In Uganda’s oil-rich Albertine region, what was promised as a “development miracle” has left behind a trail of broken livelihoods, stolen land, and silenced voices. The East African Crude Oil Pipeline (EACOP)—a project pushed by multinational corporations with the backing of the state—has bulldozed its way through communities in Buliisa, Hoima, and Kikuube, displacing thousands and polluting the environment with impunity.
But even in the face of this injustice, the youth are not giving up.
They are rising—not with violence, but with skills. And at the forefront of this resistance stands the Tasha Vocational Training Institute, a beacon of justice-based development fighting back against EACOP’s legacy of exploitation.

Tasha has intentionally focused on four core programs: driving, computer skills, hairdressing, and tailoring. These were not chosen at random—they are in direct response to the needs of young people whose futures were derailed by the pipeline project.
Driving: Taking Control of the Road—and Their Lives
As oil trucks roar down new roads built for foreign extraction, local youth are often left unemployed or underpaid in casual labor. Tasha’s driving course flips the script. It trains students not just to drive, but to compete for better-paying, certified transport jobs—jobs often monopolized by outsiders.
This is economic resistance: reclaiming the roads built to serve others, and using them for community mobility.
Computer Literacy: Weaponizing Knowledge
EACOP relies on high-tech systems for surveillance, land mapping, and data secrecy. Meanwhile, the very youth affected by these tools are left without even the most basic digital training.
Tasha’s computer literacy course helps change that. It’s about more than typing—it’s about empowerment. Youth are now learning how to document abuse, research their rights, apply for scholarships, and connect with global justice movements.

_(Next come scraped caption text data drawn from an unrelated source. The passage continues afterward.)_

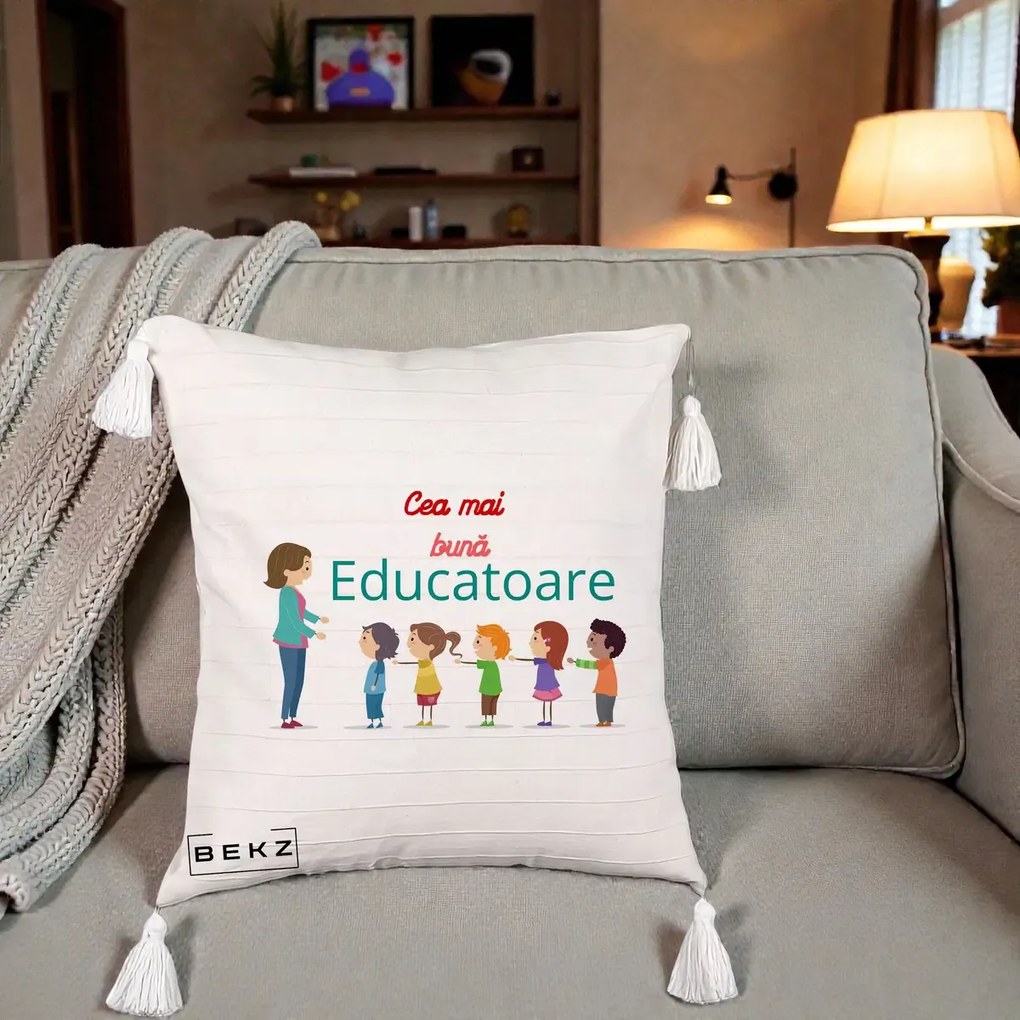 Cadou pentru Educatoare - Perna Personalizata Cea mai Buna Educatoare cu Ilustratie Copii si Educatoare, 40x40 cm, Bej cu Franjuri, Husa Detasabila, Perna Inclusa, BEKZ®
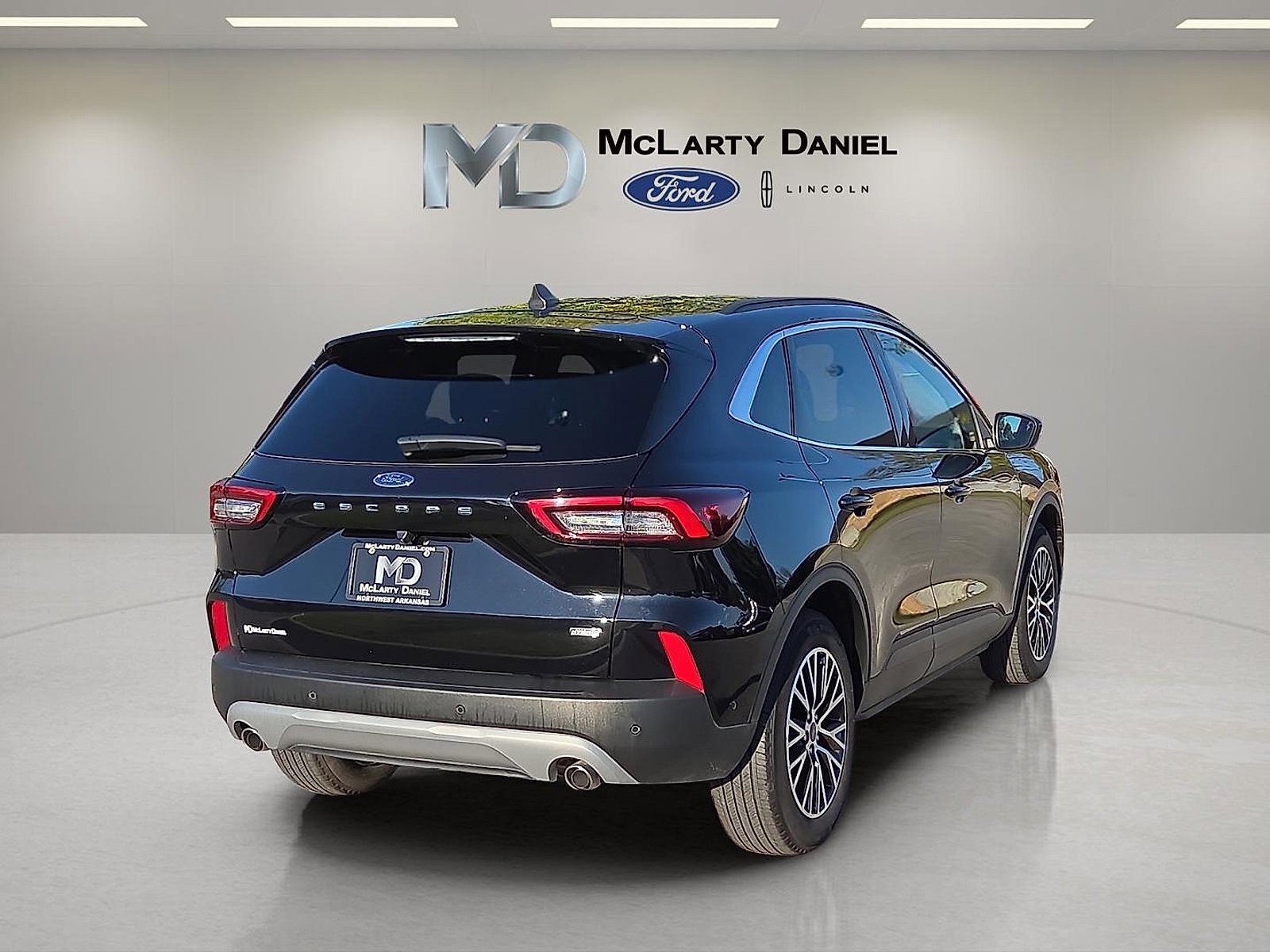 Certified 2024 Ford Escape SE w/ PHEV Premium Package image 5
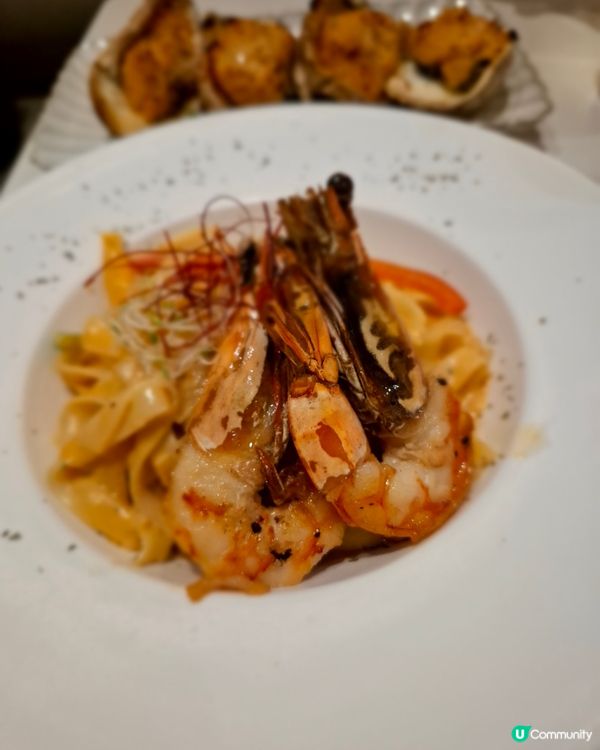 砵蘭街文青餐廳，裝修簡潔舒適，二人餐超抵食！🤩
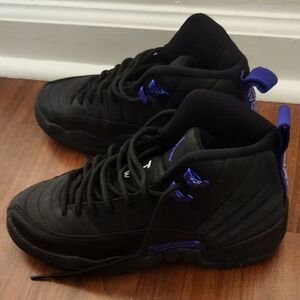 Jordan 12's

In the age of digital colonialism, knowledge is power—and Tasha is building it from the ground up.
Hairdressing: Restoring Dignity and Income
When EACOP displaced families, it also destroyed informal economies—small salons, trading centers, and community markets that once supported local women and youth. Tasha’s hairdressing program is helping restore that ecosystem.
By teaching beauty with business acumen, the institute helps students open salons, generate income, and reclaim their space in the local economy. For many, it’s the first step in building something of their own again.

Tailoring: Sewing Together Identity and Resistance
Tailoring may seem simple, but in the Albertine region, it’s a radical act. Many displaced youth lost not only land but cultural identity. Clothes, in Uganda, carry tradition, pride, and storytelling.
Tasha’s tailoring course teaches the craft and the commerce—students learn how to produce clothing for local and regional markets, build brands, and share their culture through design.
Every stitch is a statement: We are still here.
Scholarships as Tools of Resistance
Most of Tasha’s students are enrolled on full scholarships. This is no accident—it’s a deliberate act of equity. The same communities devastated by oil extraction are now being prioritized for empowerment.
While EACOP lines corporate pockets, Tasha ensures that access to education is not another commodity sold to the highest bidder. These scholarships are funded by partners committed to human rights, environmental justice, and local leadership.
Reclaiming the Future, Rejecting EACOP
Let’s be clear: EACOP is not development. It is dispossession. It is ecological harm disguised as progress. And it is happening without the meaningful consent of the very communities it affects.
Tasha Vocational Training Institute exists in direct opposition to this model. We believe development should serve people, not pipelines. That communities should own their destinies—not be pushed aside for foreign profit. That education should be rooted in justice—not donor agendas.
From Victims to Visionaries
The youth of Buliisa, Hoima, and Kikuube are not waiting for a seat at EACOP’s table. They are building their own future—and it looks nothing like the one TotalEnergies promised.
It looks like classrooms filled with students learning to code, sew, and drive. It looks like salons, shops, and startups run by formerly displaced young people. It looks like resistance built not with slogans, but with skills.
At Tasha, we don’t just train workers. We cultivate leaders—young people who will rebuild what EACOP tried to destroy and who will lead the fight for a more just, sustainable future.